Well, do you mean "good" or Good? If you mean "good" as in both sides feel they are morally right and the other side morally wrong, you basically have a perpetual war of ideas that ends when both sides get tired of throwing there young at a meat grinder. But if you mean Good as in how D&D objectively defines the cosmic force, you probably would have a hard time getting it to escalate to blows. Good is about cooperation and peaceful settling of difference, only resorting to violence to protect the innocent. D&D is a world of divination magic and God's with absolute alignment; I'm fairly certain that two good forces wouldn't engage in conflict for long, usually only until whatever issue or misunderstanding is corrected, or until a bigger Evil threat appears to threaten both Good ones. Basically, it's the equivalent of something akin to Marvel's Civil War (movie or comic).
 


prabe

Tension, apprension, and dissension have begun
Supporter
Well, do you mean "good" or Good? If you mean "good" as in both sides feel they are morally right and the other side morally wrong, you basically have a perpetual war of ideas that ends when both sides get tired of throwing there young at a meat grinder. But if you mean Good as in how D&D objectively defines the cosmic force, you probably would have a hard time getting it to escalate to blows. Good is about cooperation and peaceful settling of difference, only resorting to violence to protect the innocent. D&D is a world of divination magic and God's with absolute alignment; I'm fairly certain that two good forces wouldn't engage in conflict for long, usually only until whatever issue or misunderstanding is corrected, or until a bigger Evil threat appears to threaten both Good ones. Basically, it's the equivalent of something akin to Marvel's Civil War (movie or comic).

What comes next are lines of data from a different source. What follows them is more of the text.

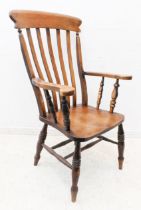 A mid to late 19th century mahogany lathe-back chair: the shaped concave tablet rail above shaped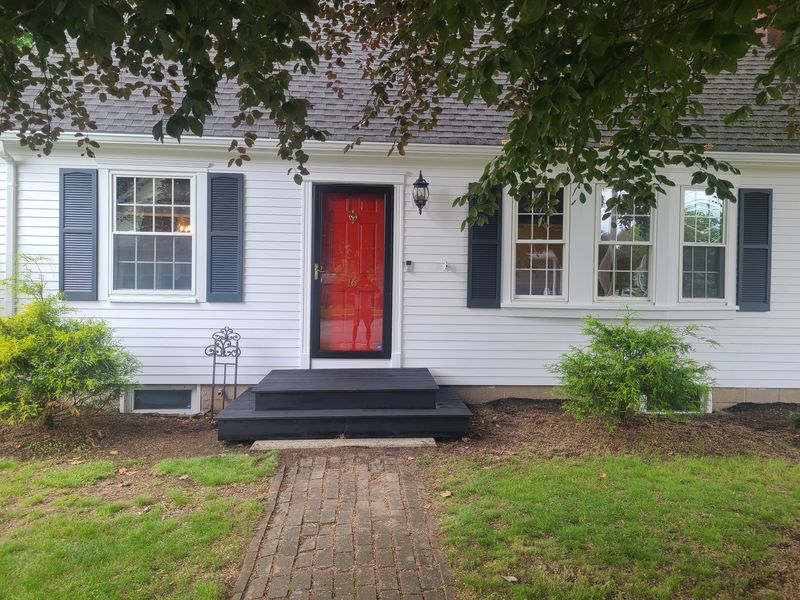 White cape with black shutters and red door after exterior work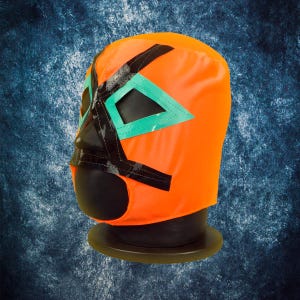 Op de afbeelding: Oranje worstelmasker met zwarte en turquoise accenten. Het masker heeft zwarte oog- en neusopeningen, turquoise driehoeken en zwarte lijnen. Het wordt getoond op een zwarte standaard tegen een blauwe achtergrond.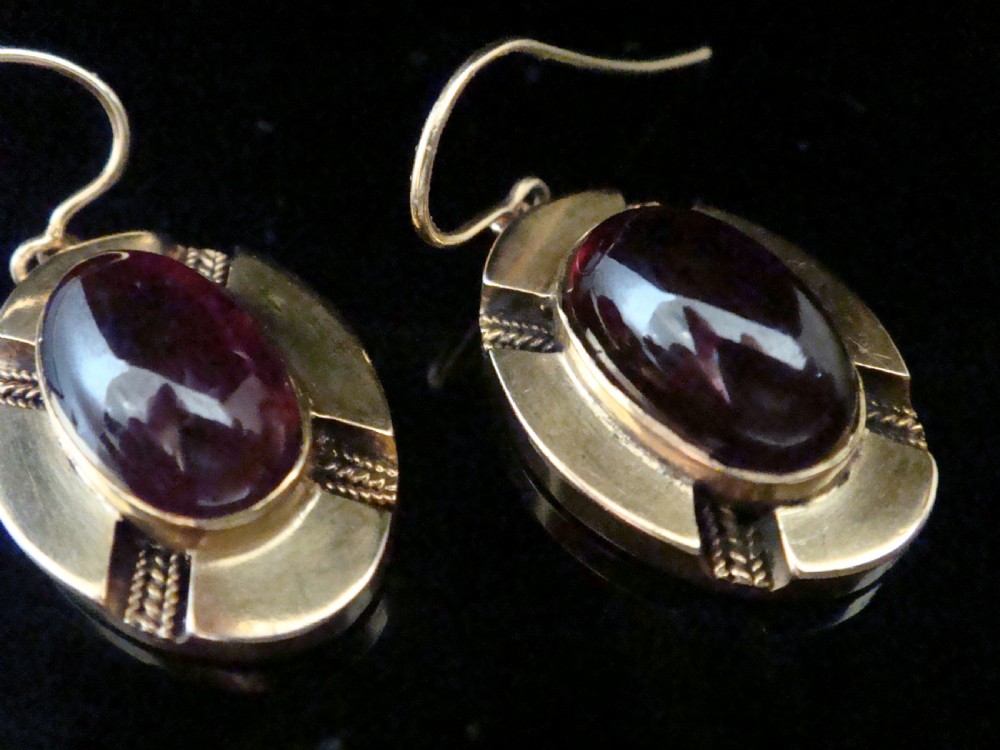 A pair of Victorian 15ct gold drop earrings featuring oval cabochon garnets within textured golden frames with wire hooks. View IV
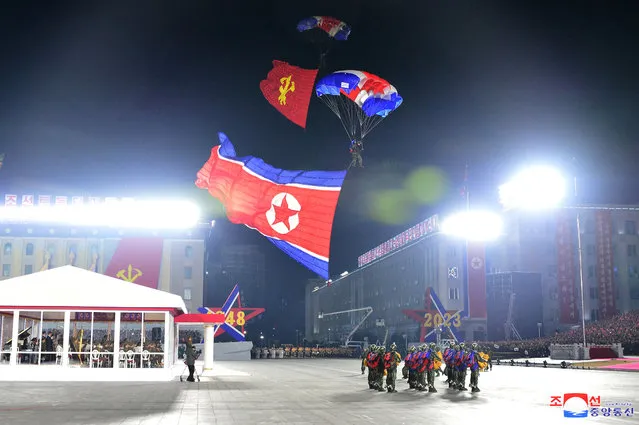 Paratroopers perform during a military parade to mark the 75th founding anniversary of North Korea's army, at Kim Il Sung Square in Pyongyang, North Korea February 8, 2023, in this photo released by North Korea's Korean Central News Agency (KCNA). (Photo by KCNA via Reuters)
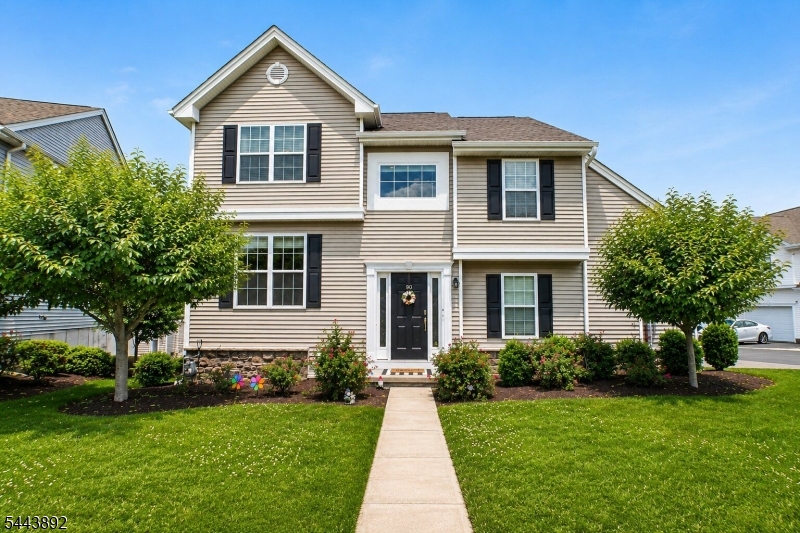 MINT! Welcome To Easy, Maintenance-Free Living In The Highly Desirable Woodfield Community! Built In 2021, This Beautifully Maintained Townhome Offers The Feel Of New Construction Without The Wait. Bright, Airy & Filled With Natural Light- Its Open-Concept Design Spans Three Finished Levels, Offering The Perfect Blend Of Comfort, Style, Functionality, & Flexibility. The Main Level Features Rich Hardwood Flooring Throughout, A Spacious Living Room With Fireplace, Formal Dining Room & A Gourmet Kitchen With Granite Countertops, Custom Cabinetry, SS Appliances With Designer Backsplash & A Large Center Island Overlooking The Living Area. A Convenient Powder Room & Direct Access To The Attached One-Car Garage Complete The Level. Upper Levels Feat. Three Generously Sized Bedrooms, Incl. A Spacious Primary Suite W/Tray Ceiling, Recessed Lighting, Two Closets Incl. A Walk-In & A Private Bath. A Second Full Bath & Second-Floor Laundry Add Everyday Convenience. A Rare Highlight Is The Exceptionally Deep Walk-Out Lower Level Offering A Finished Family Room W/ Sliding Glass Doors To A Private Patio, Plus An Oversized Unfinished Storage Area Rarely Found In Townhomes! BONUS! Enjoy Low-Maintenance Living With Exterior Maintenance, Lawn Care & Snow Removal Handled By The Association, Along With A Community Pool, Playgrounds, Sports Courts, Ball Fields & So Much More! Ideally Located Within The Highly Acclaimed Mount Olive School District Makes This One A True Winner.. A Must See!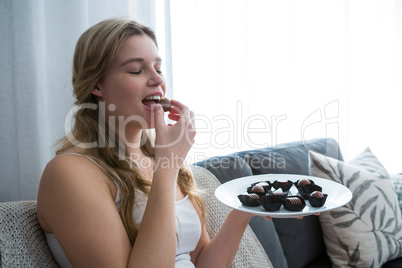 Woman eating chocolates in living room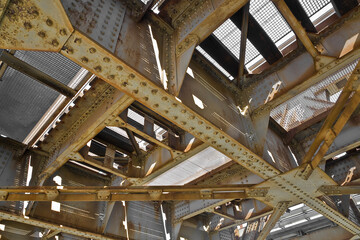 OLD WEATHERED AND PARTIALLY RUSTED STEEL TRUSS BEAM STRUCTURE with connection plates and bolts in poor condition - The damaged structure requires maintenance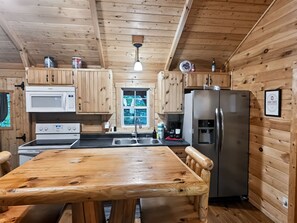A wooden cabin kitchen with a wooden table, a stove, a microwave, a sink, and a refrigerator.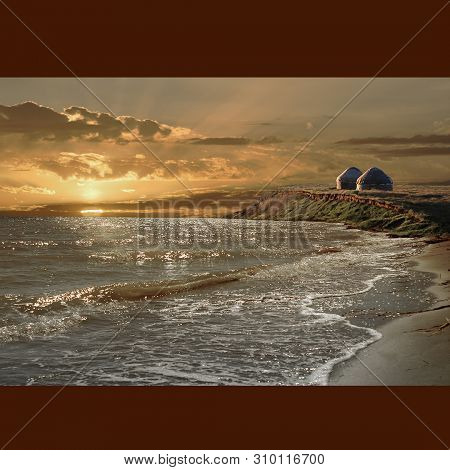 Fantastie Sunset Of Lartaudarkuk.sandi Beach Washed Bu The Wave And The Sun.yurts On A Steep Lank In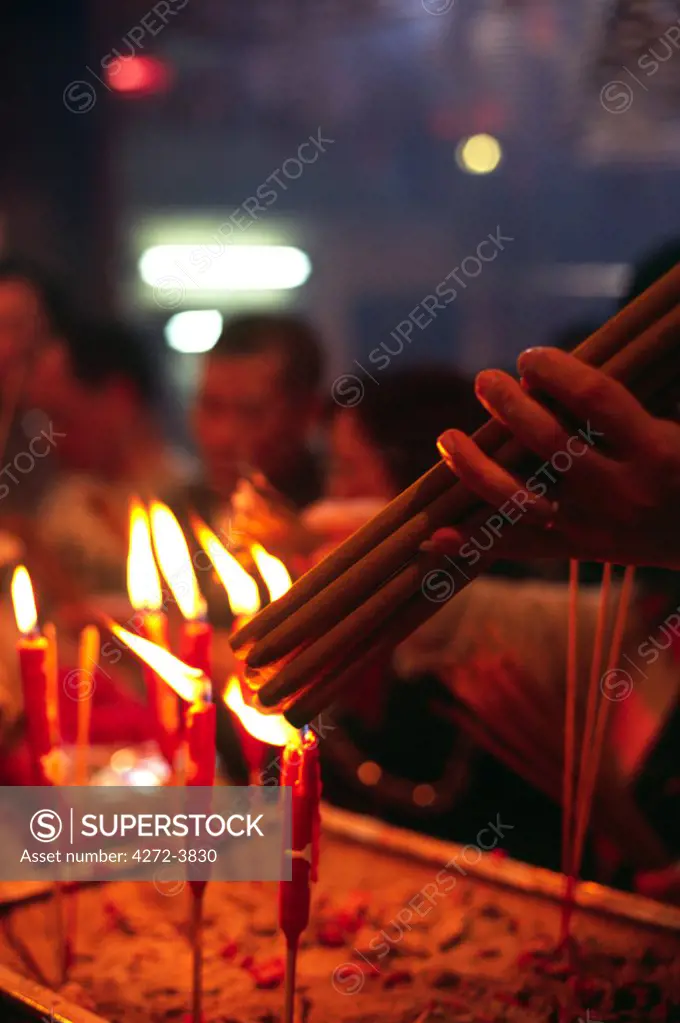 A visitor lights incense sticks at the Buddhist shrine in the Man Mo Temple in Sheung Wan, Hong Kong Island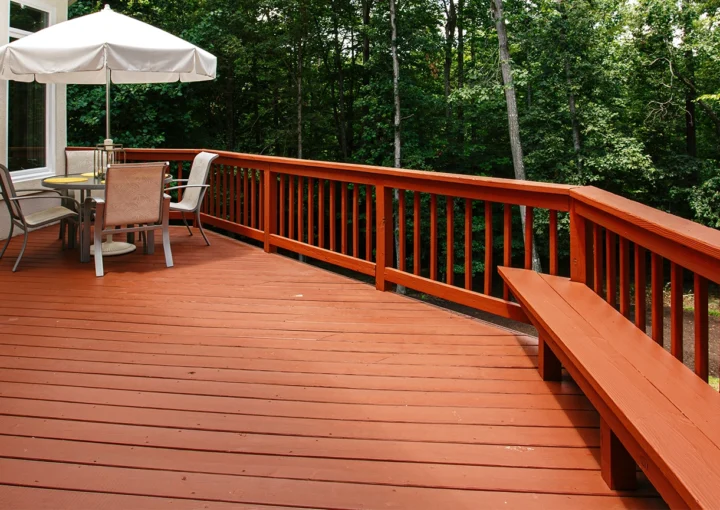 Large Wooden Deck Featuring an Umbrella-Covered Outdoor Dining Set Surrounded by A Dense Forest in Summer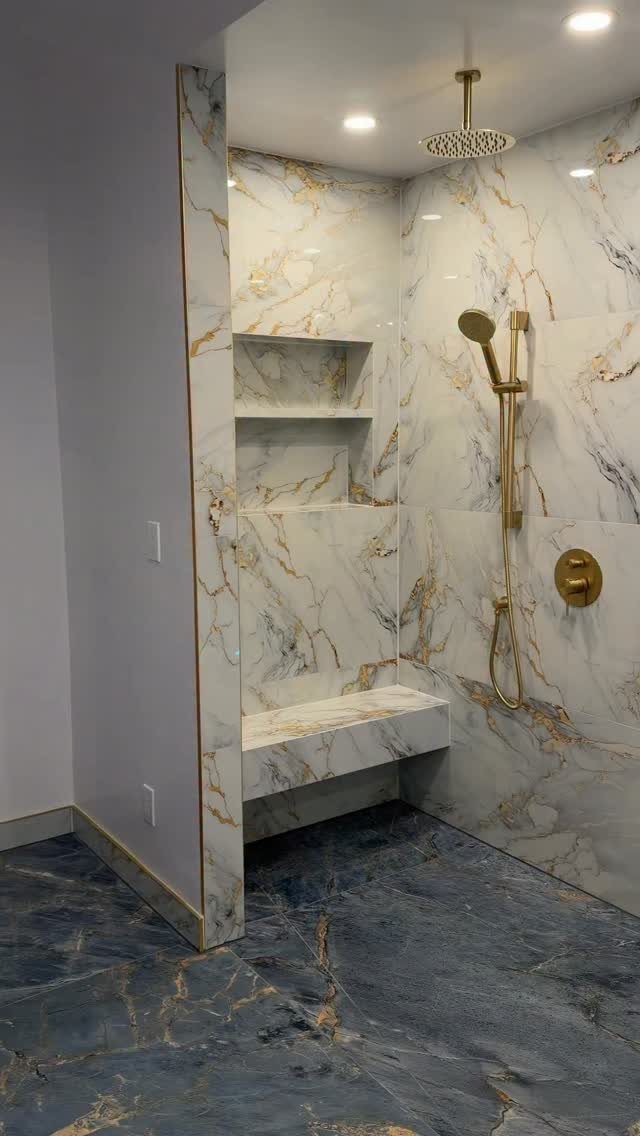 Walk-in shower with large white marble wall tiles and dark blue marble flooring.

I mean Good with the capital-G. It could be anything from a difference in outlook/priorities to a misunderstanding to long-standing prejudice. D&D might have divination magic and assorted gawds and other Powers, but at the game level it's mostly mortals who are prone to error. There's no reason you couldn't have two Good groups at war with each other; it probably wouldn't be a ruthless war of extermination, but I could see it being possible for both sides to (mis)take the other as an existential threat. I find putting the PCs in a position to choose between competing goods more satisfying than forcing them to choose the lesser evil.
 

VelvetViolet

Adventurer
But if you mean Good as in how D&D objectively defines the cosmic force, you probably would have a hard time getting it to escalate to blows.
I find putting the PCs in a position to choose between competing goods more satisfying than forcing them to choose the lesser evil.
This is why I discarded good/evil alignment and use law/chaos instead. Moorcock had the right idea and D&D just made it stupid.